BT calls on panel firms to work with new legal services business

BT Law launched following successful application for ABS licence

BT is planning to use the launch of its new legal services venture BT Law to start partnering up with its roster of external law firm advisers on client work. 

The telecoms giant, which this week was awarded its alternative business structure (ABS) licence, allowing it to move into the legal services market, plans to start cross-selling work with panel firms – either pitching BT Law’s services direct to firms’ clients or discussing with firms whether some of their work could be run through the new legal arm. 

As part of the plans, the ongoing tender process for BT’s new global panel, set to be unveiled later this month, has seen firms asked whether they would be prepared to bid for client work alongside BT Law. 

BT Law director Miles Jobling, who also heads BT Group’s litigation and employment teams, said: “As part of our discussions with the network [of law firms] in the UK, we are asking if they are prepared to help us, and the answer across the board has been a resounding ‘yes’.”

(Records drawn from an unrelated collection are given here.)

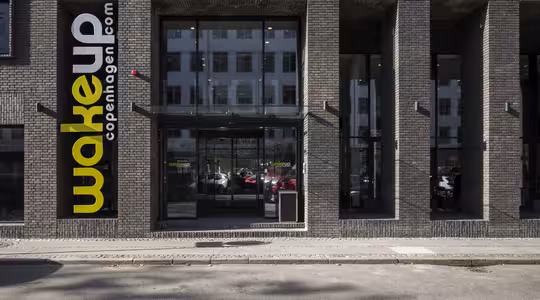 Billedet viser en moderne bygning med et ydre i mørk mursten. På et stort lodret skilt står "wake up copenhagen.com" med gule og hvide bogstaver. Glasdøre fører indenfor og afspejler nærliggende bygninger og parkerede biler.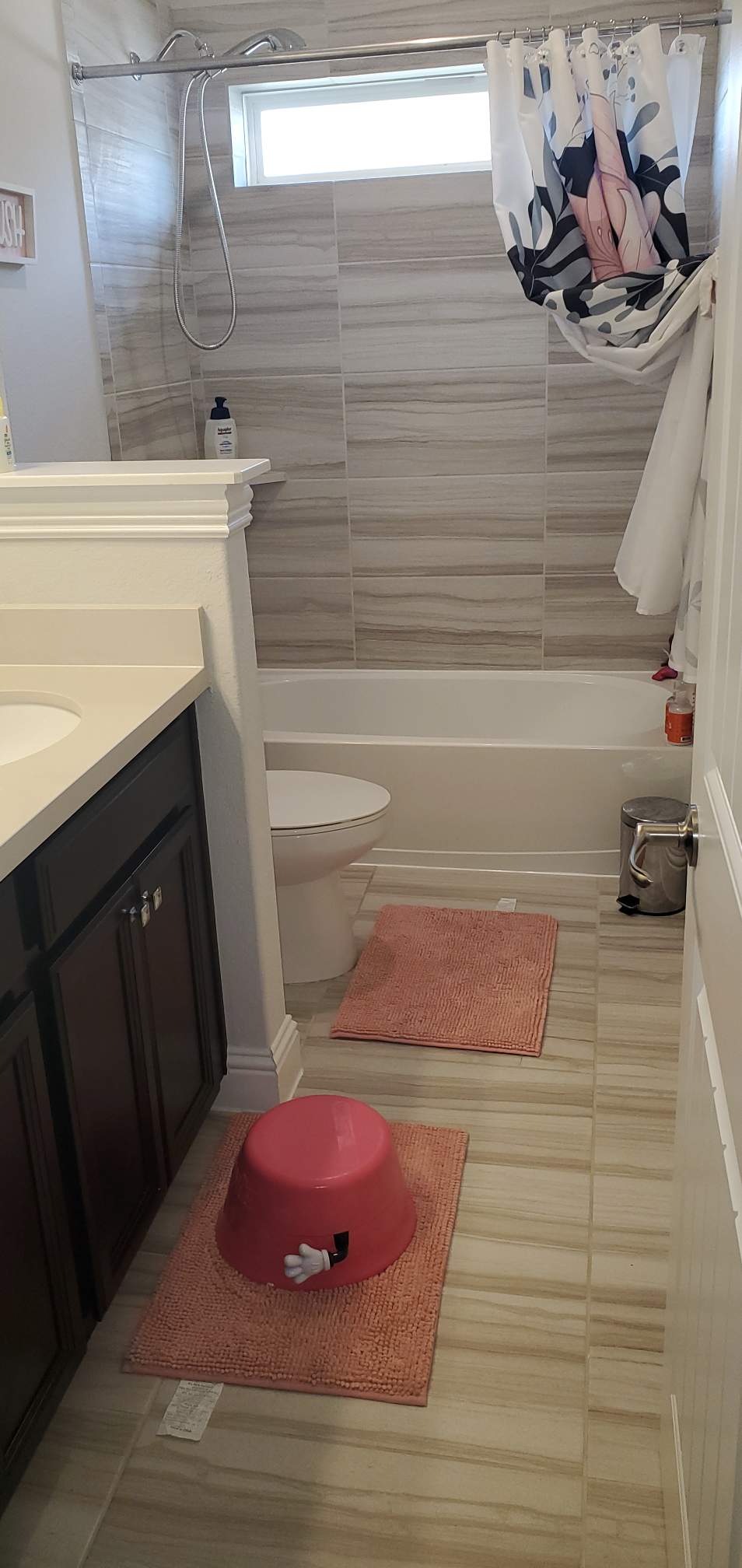 A bathroom with a dark vanity, toilet, bathtub with a patterned curtain, and two pink mats on the tile floor.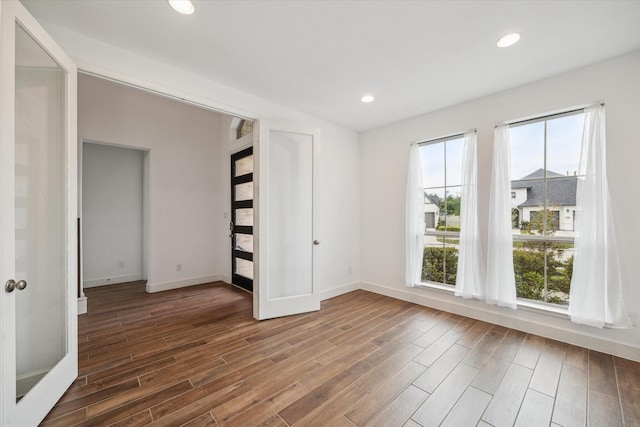 17471 Bayflower, Conroe, TX 77385 - spare room featuring wood finished floors and recessed lighting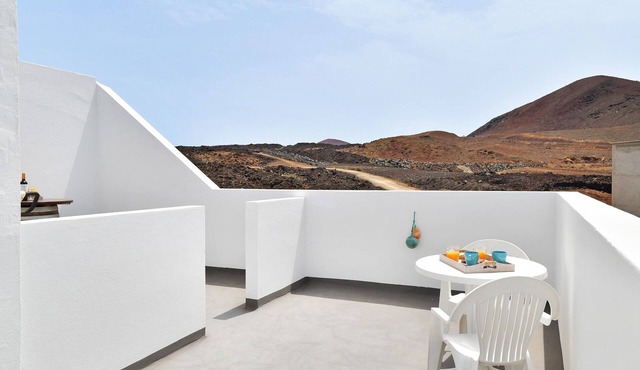 Vacation Home "Viviendas El Pescador - Timón" with Sea View, Private Terrace & Wi-Fi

Jobling said BT Law’s corporate customers want access to a full legal service in one place, with specialist work offered by panel firms – to be known as network firms – sitting alongside the volume legal services offered by BT Law. He drew parallels with partnerships in other parts of BT’s business, where the company bids for external work on behalf of or with joint parties or through sub-contractors.

“In other parts of BT, they are always looking at opportunities to provide business-to-business solutions. I don’t see the legal market being any different. BT Law is not a consumer offering. We are about business-to-business service.”

BT Law, previously known as BT Claims, currently provides legal services only in the motor claims market, but is planning to move into public liability and employment law. 

The drivers for the move have been both corporate customer requests, as well as the large volume of employment expertise already within BT’s in-house legal team, which handles around 30 tribunal cases a month for the company. 

Jobling, who reports to BT’s general counsel Dan Fitz, also said that BT Law is “not interested in hourly rates except in exceptional cases”, with the company largely carrying out fixed-price work.

“I am really glad that BT is the first large corporate to go ahead with this licence. My question for other corporates is: why not look at our model and see the cost benefit to you?”

While the full panel line-up has not yet been decided, those to have been appointed so far are understood to include Freshfields Bruckhaus Deringer, Bird & Bird, CMS Cameron McKenna and Gateley, as well as media law specialists Wiggin and Sheridans.

“We think it is an innovative and exciting idea that we are happy and keen to explore with BT,” said CMS telecoms head and client relationship partner Chris Watson.

The move comes in the same week that FTSE 250 outsourcing and construction group Carillion said it would be teaming up with law firm Clarkslegal to offer employment law advice to businesses, organisations and individuals.